Sec. 552.102. REPORTING REQUIREMENTS. (a) Each sandbox

participant must submit quarterly reports to the department, which

shall include:

(1) system performance metrics;

(2) updates on how the system mitigates any risks

associated with its operation; and

(3) feedback from consumers and affected stakeholders

that are using a product that has been deployed from this section.

(b) The department must submit an annual report to the

legislature detailing:

(1) the number of participants in the sandbox program;

(2) the overall performance and impact of artificial

intelligence systems tested within the program; and

(3) recommendations for future legislative or regulatory

reforms.

CHAPTER 553. TEXAS ARTIFICIAL INTELLIGENCE COUNCIL

SUBCHAPTER A. CREATION AND ORGANIZATION OF COUNCIL

Sec. 553.001. CREATION OF COUNCIL. (a) The Artificial

Intelligence Council is administratively attached to the office of

the governor, and the office of the governor shall provide

administrative support to the council as provided by this section.

The equal employment opportunity officer and the internal auditor

of the office of the governor shall serve the same functions for

the council as they serve for the office of the governor.

(b) The office of the governor and the council shall enter

into a memorandum of understanding detailing:

(1) the administrative support the council requires

from the office of the governor to fulfill the purposes

of this chapter;

(2) the reimbursement of administrative expenses to the

office of the governor; and

(3) any other provisions available by law to ensure the

efficient operation of the council as attached to the office

of the governor.

(c) The purpose of the council is to:

(1) Issue advisory opinions on the ethical and legal

use of AI;

(2) Offer guidance and recommendations to state

agencies; and

(3) Ensure that artificial intelligence development in

the state is safe, ethical, and in the public interest.

Sec. 553.002. COUNCIL MEMBERSHIP. (a) The council is composed

of eight members as follows:

(1) four members appointed by the governor;

(2) two members appointed by the lieutenant governor;

and

(3) two members appointed by the speaker of the house of

representatives.

(b) Members serve staggered four-year terms, with the terms

of four members expiring every two years.

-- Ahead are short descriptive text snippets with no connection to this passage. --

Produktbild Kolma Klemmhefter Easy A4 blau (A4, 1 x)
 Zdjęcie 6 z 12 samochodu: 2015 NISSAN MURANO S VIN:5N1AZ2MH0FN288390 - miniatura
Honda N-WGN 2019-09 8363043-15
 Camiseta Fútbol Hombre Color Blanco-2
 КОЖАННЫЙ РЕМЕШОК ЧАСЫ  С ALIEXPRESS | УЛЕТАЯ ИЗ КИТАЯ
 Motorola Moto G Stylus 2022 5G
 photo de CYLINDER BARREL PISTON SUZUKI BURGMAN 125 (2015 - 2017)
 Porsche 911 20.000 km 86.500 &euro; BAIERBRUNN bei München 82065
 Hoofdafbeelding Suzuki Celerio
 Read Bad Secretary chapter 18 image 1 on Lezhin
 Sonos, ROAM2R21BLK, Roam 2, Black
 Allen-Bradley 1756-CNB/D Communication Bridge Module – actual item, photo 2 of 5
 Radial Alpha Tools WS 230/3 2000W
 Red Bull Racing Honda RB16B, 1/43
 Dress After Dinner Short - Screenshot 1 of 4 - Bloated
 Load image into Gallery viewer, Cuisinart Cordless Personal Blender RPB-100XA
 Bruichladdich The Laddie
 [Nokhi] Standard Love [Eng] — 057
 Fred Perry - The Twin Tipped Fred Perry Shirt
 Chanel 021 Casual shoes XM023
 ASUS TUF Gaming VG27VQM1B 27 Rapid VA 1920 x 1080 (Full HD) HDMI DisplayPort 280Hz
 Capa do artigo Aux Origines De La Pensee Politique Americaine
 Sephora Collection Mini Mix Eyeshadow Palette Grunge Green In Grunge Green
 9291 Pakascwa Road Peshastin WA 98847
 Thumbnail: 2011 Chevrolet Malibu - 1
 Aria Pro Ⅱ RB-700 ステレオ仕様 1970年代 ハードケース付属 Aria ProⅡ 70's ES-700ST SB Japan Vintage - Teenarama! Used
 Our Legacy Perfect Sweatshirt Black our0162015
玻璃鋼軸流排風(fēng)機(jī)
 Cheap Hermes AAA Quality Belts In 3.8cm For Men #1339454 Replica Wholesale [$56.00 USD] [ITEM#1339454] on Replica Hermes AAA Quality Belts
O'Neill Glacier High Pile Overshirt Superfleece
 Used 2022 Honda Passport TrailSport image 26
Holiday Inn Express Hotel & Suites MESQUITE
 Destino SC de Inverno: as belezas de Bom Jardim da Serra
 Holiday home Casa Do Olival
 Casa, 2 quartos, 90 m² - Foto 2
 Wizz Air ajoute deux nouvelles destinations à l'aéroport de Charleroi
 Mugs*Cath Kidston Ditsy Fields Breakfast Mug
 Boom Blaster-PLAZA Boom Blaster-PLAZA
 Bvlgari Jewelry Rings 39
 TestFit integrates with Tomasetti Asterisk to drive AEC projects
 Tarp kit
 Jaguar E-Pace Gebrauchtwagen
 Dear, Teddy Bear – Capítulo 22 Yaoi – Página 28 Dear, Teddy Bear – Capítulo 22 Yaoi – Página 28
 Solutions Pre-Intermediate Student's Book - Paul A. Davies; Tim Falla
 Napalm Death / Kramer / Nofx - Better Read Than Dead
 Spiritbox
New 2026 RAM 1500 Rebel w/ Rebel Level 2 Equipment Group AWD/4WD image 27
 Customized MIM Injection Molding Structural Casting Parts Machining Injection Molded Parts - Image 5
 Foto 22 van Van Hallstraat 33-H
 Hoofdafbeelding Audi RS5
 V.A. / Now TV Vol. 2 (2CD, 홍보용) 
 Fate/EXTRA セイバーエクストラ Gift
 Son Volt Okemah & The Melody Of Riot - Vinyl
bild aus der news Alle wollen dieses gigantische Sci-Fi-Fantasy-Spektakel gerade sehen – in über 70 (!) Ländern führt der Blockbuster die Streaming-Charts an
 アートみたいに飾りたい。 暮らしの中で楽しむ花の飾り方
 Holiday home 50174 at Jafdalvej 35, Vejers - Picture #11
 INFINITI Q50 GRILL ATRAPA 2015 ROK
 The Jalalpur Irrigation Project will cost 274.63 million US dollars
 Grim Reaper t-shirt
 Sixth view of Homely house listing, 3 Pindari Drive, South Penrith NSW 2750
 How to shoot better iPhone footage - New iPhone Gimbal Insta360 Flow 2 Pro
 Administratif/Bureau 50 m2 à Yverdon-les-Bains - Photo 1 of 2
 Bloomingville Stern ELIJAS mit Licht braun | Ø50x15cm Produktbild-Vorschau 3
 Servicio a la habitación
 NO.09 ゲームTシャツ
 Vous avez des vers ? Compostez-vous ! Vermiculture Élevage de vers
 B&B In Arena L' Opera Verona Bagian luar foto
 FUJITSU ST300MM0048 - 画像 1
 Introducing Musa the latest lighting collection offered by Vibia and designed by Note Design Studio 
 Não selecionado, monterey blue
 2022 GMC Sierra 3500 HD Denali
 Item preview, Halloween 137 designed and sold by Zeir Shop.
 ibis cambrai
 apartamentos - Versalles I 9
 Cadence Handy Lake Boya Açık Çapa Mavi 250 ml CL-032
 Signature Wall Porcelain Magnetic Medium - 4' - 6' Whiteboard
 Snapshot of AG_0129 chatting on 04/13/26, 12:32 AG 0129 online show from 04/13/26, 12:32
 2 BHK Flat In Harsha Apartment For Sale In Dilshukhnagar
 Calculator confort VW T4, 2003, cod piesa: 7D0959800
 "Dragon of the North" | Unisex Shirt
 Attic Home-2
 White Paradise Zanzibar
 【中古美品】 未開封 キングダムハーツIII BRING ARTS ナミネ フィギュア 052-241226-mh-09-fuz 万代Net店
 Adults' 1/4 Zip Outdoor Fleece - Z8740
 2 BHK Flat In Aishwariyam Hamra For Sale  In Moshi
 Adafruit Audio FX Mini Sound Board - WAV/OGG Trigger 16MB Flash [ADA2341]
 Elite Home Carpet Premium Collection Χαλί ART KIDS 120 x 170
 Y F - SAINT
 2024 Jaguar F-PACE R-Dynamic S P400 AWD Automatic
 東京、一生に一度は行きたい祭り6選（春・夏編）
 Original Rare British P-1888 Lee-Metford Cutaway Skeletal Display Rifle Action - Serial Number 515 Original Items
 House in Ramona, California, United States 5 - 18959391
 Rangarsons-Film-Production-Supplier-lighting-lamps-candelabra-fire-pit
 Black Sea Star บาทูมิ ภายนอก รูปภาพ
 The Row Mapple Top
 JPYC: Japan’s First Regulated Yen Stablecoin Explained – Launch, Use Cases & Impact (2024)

(c) The governor shall appoint a chair from among the members,

and the council shall elect a vice chair from its membership.

(d) The council may establish an advisory board composed of

individuals from the public who possess expertise directly related

to the council's functions, including technical, ethical,

regulatory, and other relevant areas.

Sec. 553.003. QUALIFICATIONS. (a) Members of the council must

be Texas residents and have knowledge or expertise in one or more

of the following areas:

(1) artificial intelligence technologies;

(2) data privacy and security;

(3) ethics in technology or law;

(4) public policy and regulation; or

(5) risk management or safety related to artificial

intelligence systems.

(b) Members must not hold an office or profit under the state

or federal government at the time of appointment.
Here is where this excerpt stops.